- _Data in this exercise_
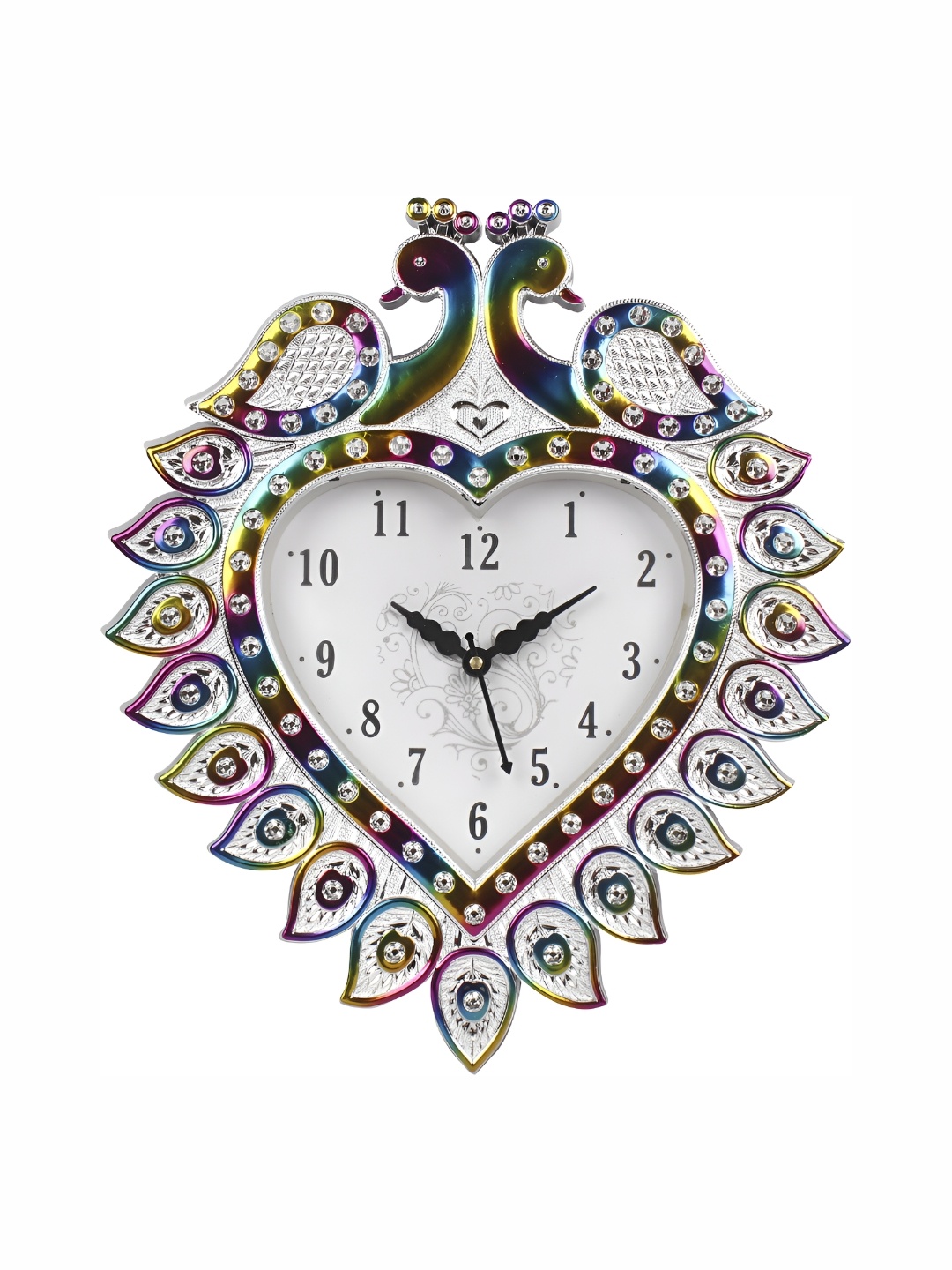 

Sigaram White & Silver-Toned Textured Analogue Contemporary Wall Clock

--

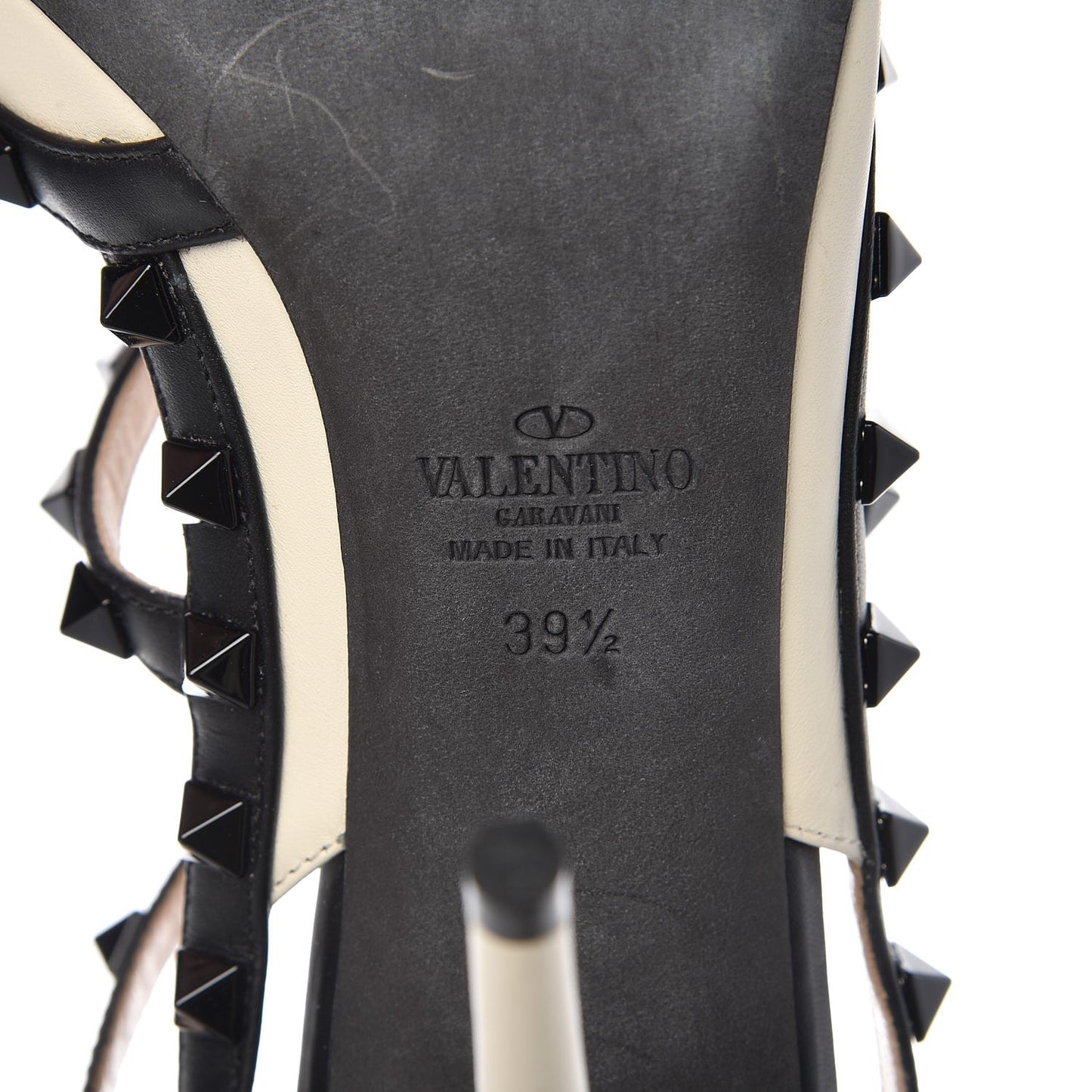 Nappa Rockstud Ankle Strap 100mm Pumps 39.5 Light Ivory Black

---

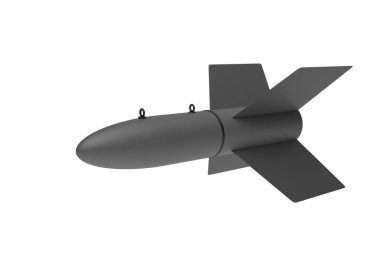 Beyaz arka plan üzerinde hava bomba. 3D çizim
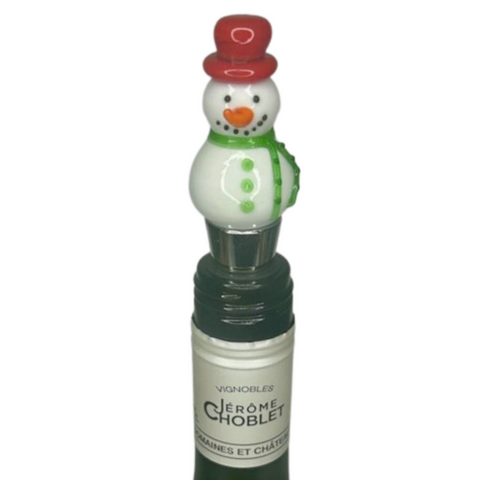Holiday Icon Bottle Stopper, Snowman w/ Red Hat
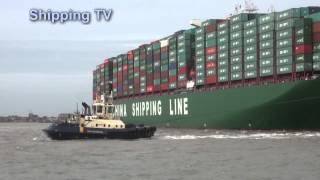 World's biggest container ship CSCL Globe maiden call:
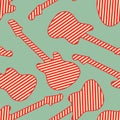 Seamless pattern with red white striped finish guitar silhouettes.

- _Aim of the task_
In the listing above, find the line containing "Beyaz arka plan" and the line containing "Seamless pattern with", then output those two lines and everything between them exactly as written, without the images.

- _Answer for the task_
 Beyaz arka plan üzerinde hava bomba. 3D çizim
Holiday Icon Bottle Stopper, Snowman w/ Red Hat
 World's biggest container ship CSCL Globe maiden call:
 Seamless pattern with red white striped finish guitar silhouettes.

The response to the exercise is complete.